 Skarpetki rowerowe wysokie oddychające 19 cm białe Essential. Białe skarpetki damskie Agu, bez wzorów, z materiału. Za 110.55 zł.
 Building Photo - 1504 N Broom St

***

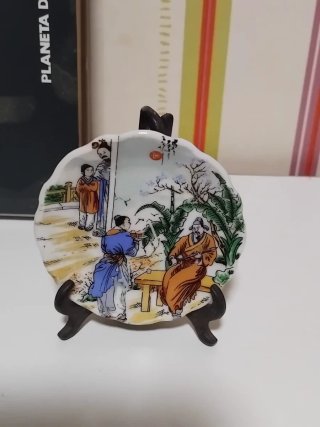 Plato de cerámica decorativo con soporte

***

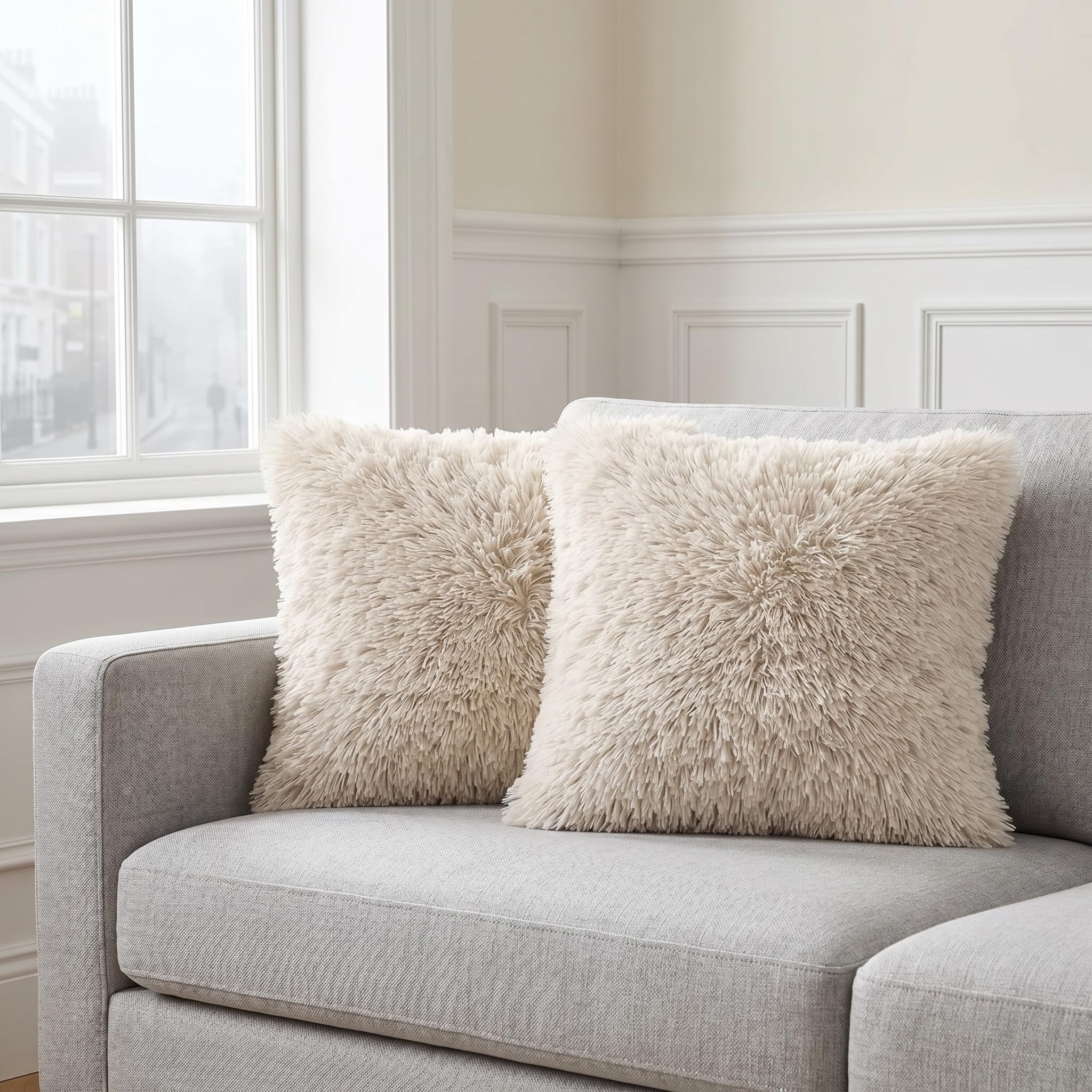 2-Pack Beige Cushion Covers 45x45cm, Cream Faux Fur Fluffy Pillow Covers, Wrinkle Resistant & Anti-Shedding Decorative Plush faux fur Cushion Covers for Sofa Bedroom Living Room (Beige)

***

- [What you have to do]: Word for word, restate the lines of the data above that fall between the line holding "Skarpetki rowerowe wysokie" and the line holding "Building Photo - 1504 N Broom St", inclusive, and no other lines.

- [Answer space]:
 Skarpetki rowerowe wysokie oddychające 19 cm białe Essential. Białe skarpetki damskie Agu, bez wzorów, z materiału. Za 110.55 zł.
 Building Photo - 1504 N Broom St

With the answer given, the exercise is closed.